Convex is actually really fast, so we didn't even notice this. Until the number of queries overshot the queue size and caused clients to get into retry loops.

Problem #2: The Convex client's backoff logic was insufficiently nuanced

The Convex client does exponential backoff if it's having trouble connecting to a server. However, if it successfully connects, it resets its exponent to zero.

But merely connecting the WebSocket does not mean the server is healthy and ready to serve traffic. Instead, it can connect, issue expensive queries, have an overloaded server drop the connection, and then it will just do the whole thing over again. That's what happened here, resulting in a DDOS from our own clients, since they were all trying to re-run these tens of thousands of invalidated queries when they reconnected to the server.

If they had backed off with jitter, they would have spread those queries across many seconds or minutes. Eventually, T3 Chat would have gotten back into equilibrium, probably even on lesser hardware. Which leads us to...

Problem #3: Operational tooling did not enforce account-specific provisioning rules

The final, most human, and frankly silliest problem ultimately contributed the most to T3 Chat's downtime.

Even with search indexing causing needless traffic spikes and too-simplistic client backoff hammering our platform, Convex would have powered through the work no problem once we had given the backend a bigger query queue. We know because that's exactly what it did at 12:27p.

However, the tool we used to push code manually in our clusters during the outage didn't preserve the provisioned resources appropriate for particular accounts, and we forgot to manually override it when we were hastily trying to fix the system.

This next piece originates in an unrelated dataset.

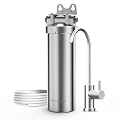 Waterdrop BS08 Under Sink Water Filter, 1 Year Lifetime Stainless Steel Water Filter System, Reduces Chlorine, Lead, Heavy Metals, Bad Taste& Odor (1 Filter & 1 Brushed Nickel Faucet Included)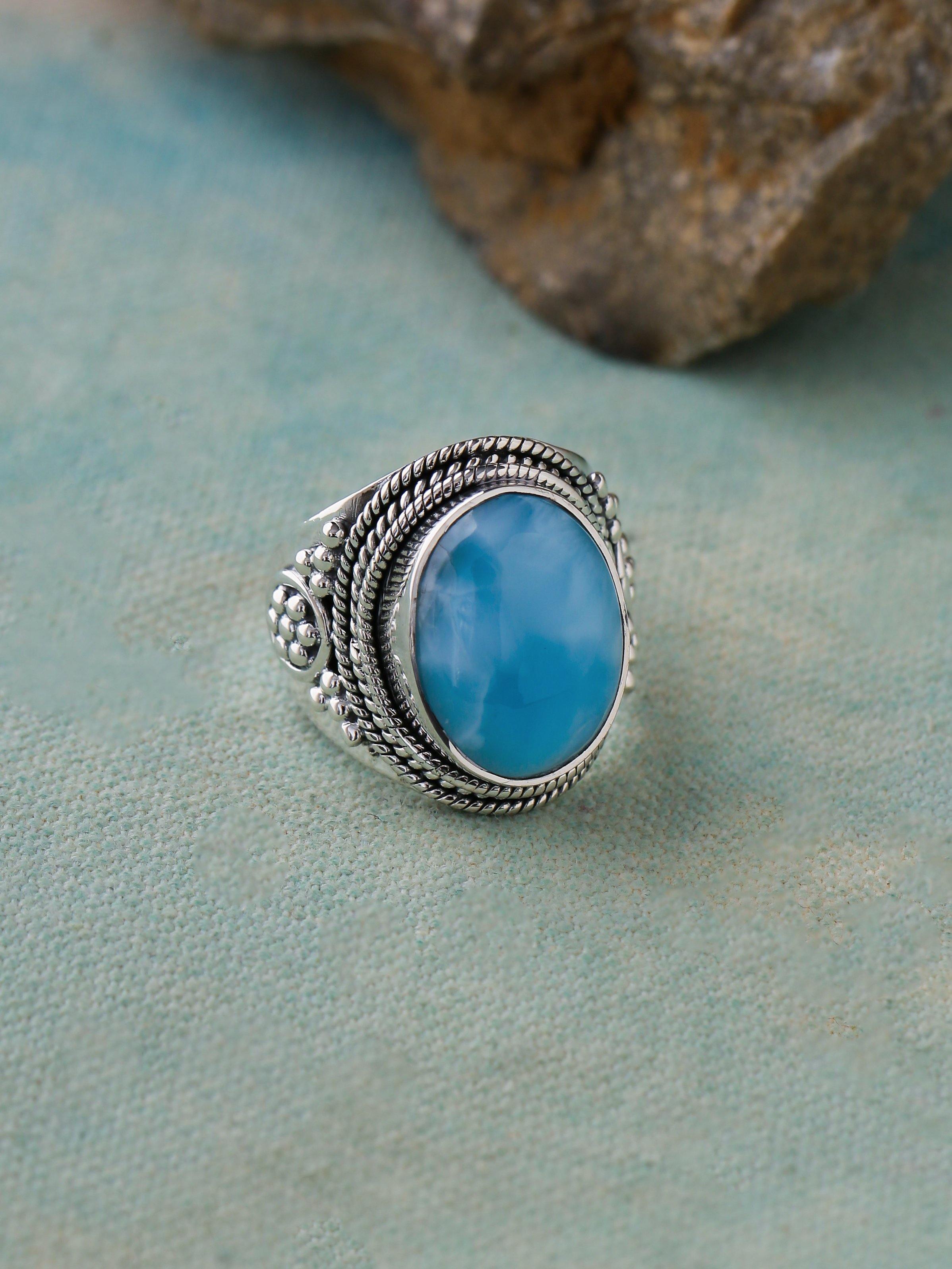 Natural Larimar Solid 925 Sterling Silver Ring Jewelry - YoTreasure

We spent more than an hour looking for complicated, architectural reasons T3 Chat was down when the issue was quite simple: the CPU was overloaded because it was running on the wrong type of VM.

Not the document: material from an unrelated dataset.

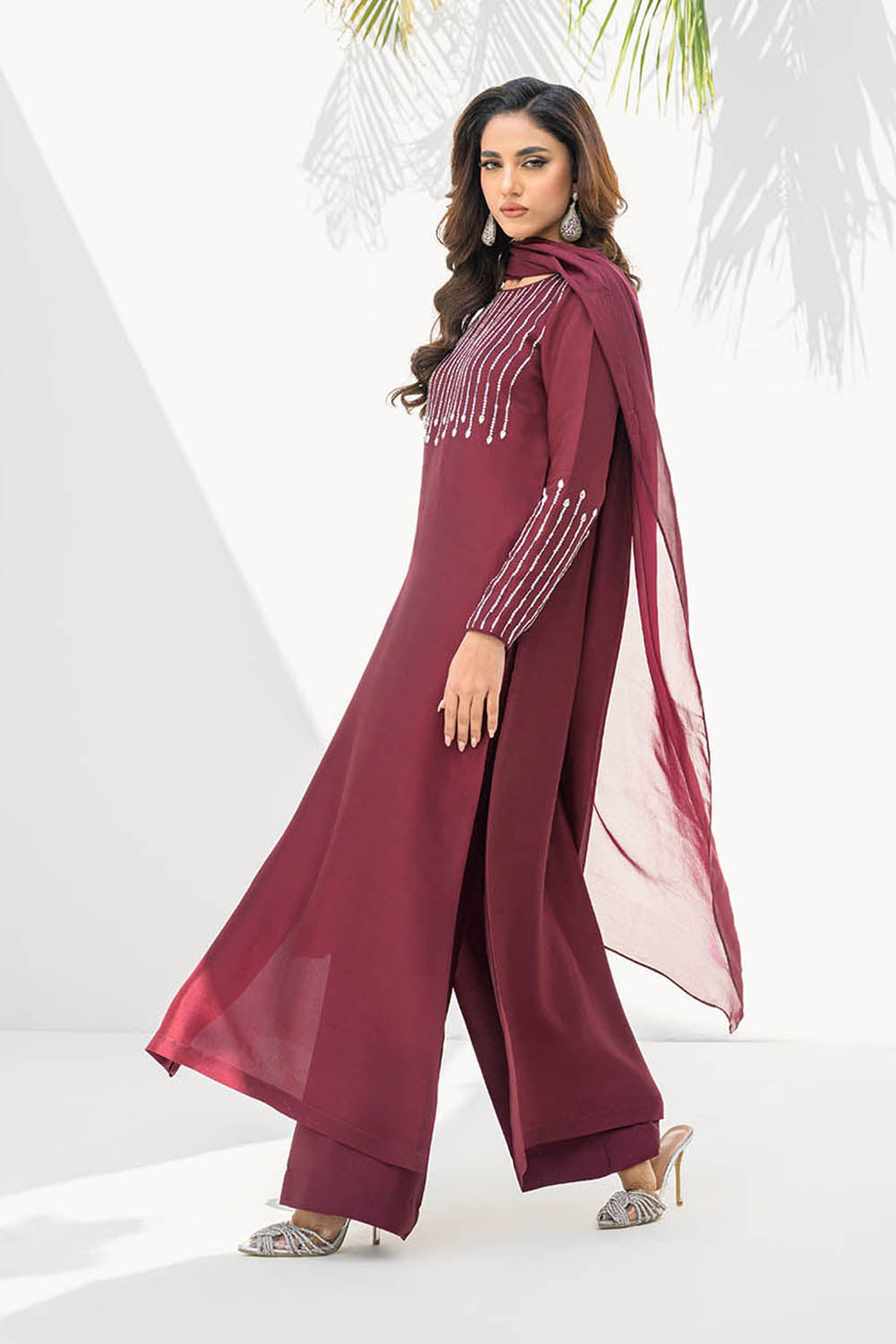 Khushboo & Pankaj Women Maroon Glace Cotton Embroidered Suit Set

Humans are allowed to make mistakes, especially under stress. So, tooling needs to protect them from those mistakes. We haven't built these safeguards into all our operational tooling yet, and we must fix that ASAP.

Follow-Up Action Items

Immediate

  • Ensure all tooling honors codified hardware class and resource assignments per deployment.
  • Optimize search index compaction to no longer invalidate query sets when no actual indexed data has changed.
  • Ship a new Convex client library with more comprehensive backoff behavior.

Soon

  • CPU-optimize the subscription engine to store index keys rather than computing them at intersection time.
  • Develop new benchmarks and load testers around DDOS and search indexing use cases.
  • Add server-side buffering/backoff of Convex sessions to be more robust against adversarial workloads or old clients.
  • Add configurable, built-in support for dropping WebSockets for inactive tabs in the Convex client (perhaps falling back to periodic polling).